Well I long time ago contacted Mark, when I discovered that for the same bases and n values, (basically the same tests) LLR were 15% faster compared to LLR running the same conditions, IE 1, 2, 3 or 4 cores. I have only investigated on my Sandy Bridge, so I'm not sure if other systems are affected. But since Mark conquered that his system was also 15% slower than LLR for the same tests, I generally assumed that it has something overall to do with the way PFGW works, rather than the system itself :smile:

[QUOTE=MyDogBuster;375575]The differences between PFGW and LLR could be that LLR uses AVX, the new and improved instruction set from Intel.
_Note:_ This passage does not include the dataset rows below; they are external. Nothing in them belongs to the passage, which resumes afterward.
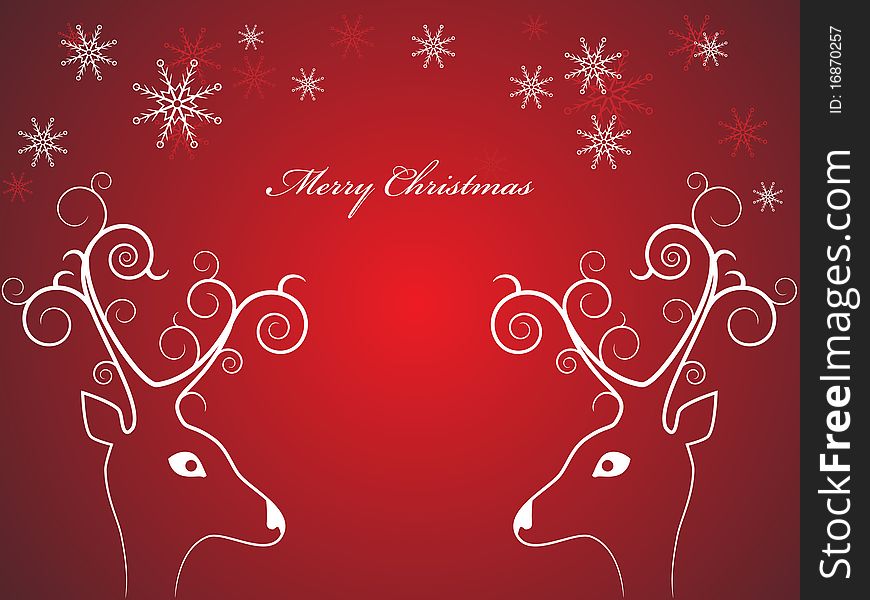 Vector picture about white silhouette of deer on red background. Vector picture about white silhouette of deer on red background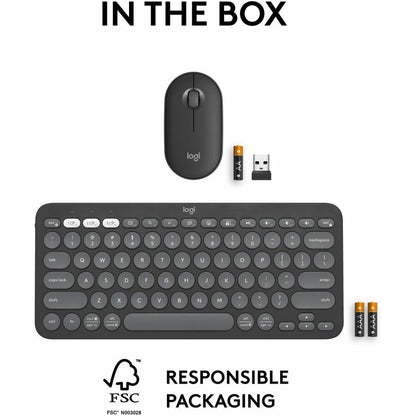 Alternate-Image9 Image for Logitech Pebble 2 Combo, Wireless Keyboard and Mouse, Quiet and Portable, Customizable, Logi Bolt, Tonal Graphite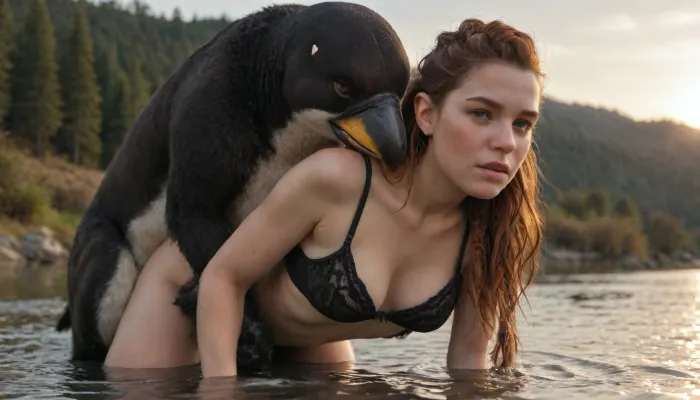 Zoophilia, penguin, doggystyle, Pink woman, untied black bra, in the lake, at sunset, one breast out, cum while entrance, side view, horizon zero dawn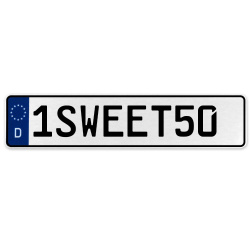 1SWEET50  - White Aluminum Street Sign Mancave Euro Plate Name Door Sign Wall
I've used it for about 2 years now.

It only works on Sandy Bridge and Ivy Bridge CPU's.[/QUOTE]

pfgw uses AVX as well as LLR and pfgw use versions of gwnum that support it. The FFT selected for each test is determined by gwnum.

[QUOTE=gd_barnes;375573]Wow. Port 1400 is already handing out R6 work. Although we still have a little over 100 tests left to finish up on S6, that was very fast to get to this point! :smile:

On another note, can someone please direct me to the latest Windows and Linux versions of LLR? I want to test the difference between PFGW and LLR myself on some of my old(ish) machines.[/QUOTE]
[url]http://jpenne.free.fr/index2.html[/url]
[url]http://sourceforge.net/projects/openpfgw/[/url]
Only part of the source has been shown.